You can define the limit because the function has a "removable discontinuity". That is to say, the function is similar to the $x + 3$ function over its entire domain, except for the point $x = 2$. At that domain value, the function isn't defined.
In other words, your function is formed by taking $x + 3$, and removing a single point to create an infinitesimally narrow discontinuity.
To make that function continuous, all we have to do is declare that its value is 5 at $x = 2$, restoring the only point that is missing. In all other regards, it is identical to the function $x + 3$.
The limit exists because the limit, by definition, involves an imaginary process of approaching a domain point of a function arbitrarily closely, from above or below, without actually reaching that point. In this situation, we can approach $x = 2$ from either above or below. As we approach more and more closely to $2$, the value of the function gets closer and closer to $5$. No matter how close we get, there is room to get closer. Of course, the $5$ isn't actually there, and we must not step on $x = 2$ because then we have "fallen off the function". That's the intuitive gist of the limit.
By the way, when we have a fraction of polynomials, we can apply long division to see whether they "evenly divide". We don't have to perform any factoring:
1 3 <- i.e. x + 3
____________
1 -2 | 1 1 -6 <- i.e. (x^2 + x - 6) / (x - 2)

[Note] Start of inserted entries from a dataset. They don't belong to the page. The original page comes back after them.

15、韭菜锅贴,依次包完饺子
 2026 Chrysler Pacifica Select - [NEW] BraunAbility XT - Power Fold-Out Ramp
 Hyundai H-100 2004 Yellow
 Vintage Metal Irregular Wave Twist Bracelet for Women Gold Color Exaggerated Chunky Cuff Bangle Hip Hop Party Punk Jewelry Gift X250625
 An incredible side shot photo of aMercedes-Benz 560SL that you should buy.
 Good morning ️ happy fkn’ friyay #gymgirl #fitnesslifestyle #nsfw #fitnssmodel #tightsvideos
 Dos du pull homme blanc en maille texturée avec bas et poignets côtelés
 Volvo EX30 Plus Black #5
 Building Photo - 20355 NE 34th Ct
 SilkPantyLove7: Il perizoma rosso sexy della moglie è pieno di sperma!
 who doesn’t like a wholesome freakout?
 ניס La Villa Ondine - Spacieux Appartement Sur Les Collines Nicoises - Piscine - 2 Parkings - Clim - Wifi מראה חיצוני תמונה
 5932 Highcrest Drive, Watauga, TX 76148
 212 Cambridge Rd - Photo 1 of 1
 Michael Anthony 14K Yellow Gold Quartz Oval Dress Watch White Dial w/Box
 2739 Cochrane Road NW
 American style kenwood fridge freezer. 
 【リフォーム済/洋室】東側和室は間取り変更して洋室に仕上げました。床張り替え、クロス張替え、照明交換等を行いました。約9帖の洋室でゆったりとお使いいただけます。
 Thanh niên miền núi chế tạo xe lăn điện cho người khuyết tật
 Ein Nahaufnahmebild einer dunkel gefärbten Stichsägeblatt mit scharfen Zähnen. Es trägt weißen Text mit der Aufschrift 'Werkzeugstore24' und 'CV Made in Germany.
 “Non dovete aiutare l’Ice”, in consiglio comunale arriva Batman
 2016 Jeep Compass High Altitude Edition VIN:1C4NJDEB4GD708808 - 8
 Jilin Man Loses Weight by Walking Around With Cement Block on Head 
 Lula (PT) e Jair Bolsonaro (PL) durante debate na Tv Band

1 -2 : <- i.e. x - 2 goes into x + 1 once, remainder 3
------ : <- bring down the 6
3 -6
3 -6 <- x - 2 goes 3x - 6 3 times
------
0 <- No remainder!
If you go through this long division and there is a remainder, then the singularity is not removable. Let's try, say $\frac{x^2 + 5x + 1}{x + 3}$:
1 2
___________
1 3 | 1 5 1
1 3
-----
2 1
2 6
------
-5
We have a remainder of -5. What does this mean? This:
$$\frac{x^2 + 5x + 1}{x + 3} = (x + 2) - \frac{5}{x + 3}$$
Basically, the graph of this function looks a lot like $x + 3$ far away from the $x = -3$ singularity. Far away from this point, the residue term $\frac{-5}{x + 3}$ approaches zero and contributes little to the function. But near $x = -3$ it doesn't look that way: the residue term forces it to curves off into negative infinity as it approaches $-3$ from below, and toward positive infinity as it approaches $-3$ from above, and thus doesn't approach any limit. The discontinuity is not removable, and the function not only has no value at $x = -3$, but also no limit.
So you see, for a fraction of polynomials, it's a special case when you can remove the discontinuity: it's only when they divide evenly with no remainder.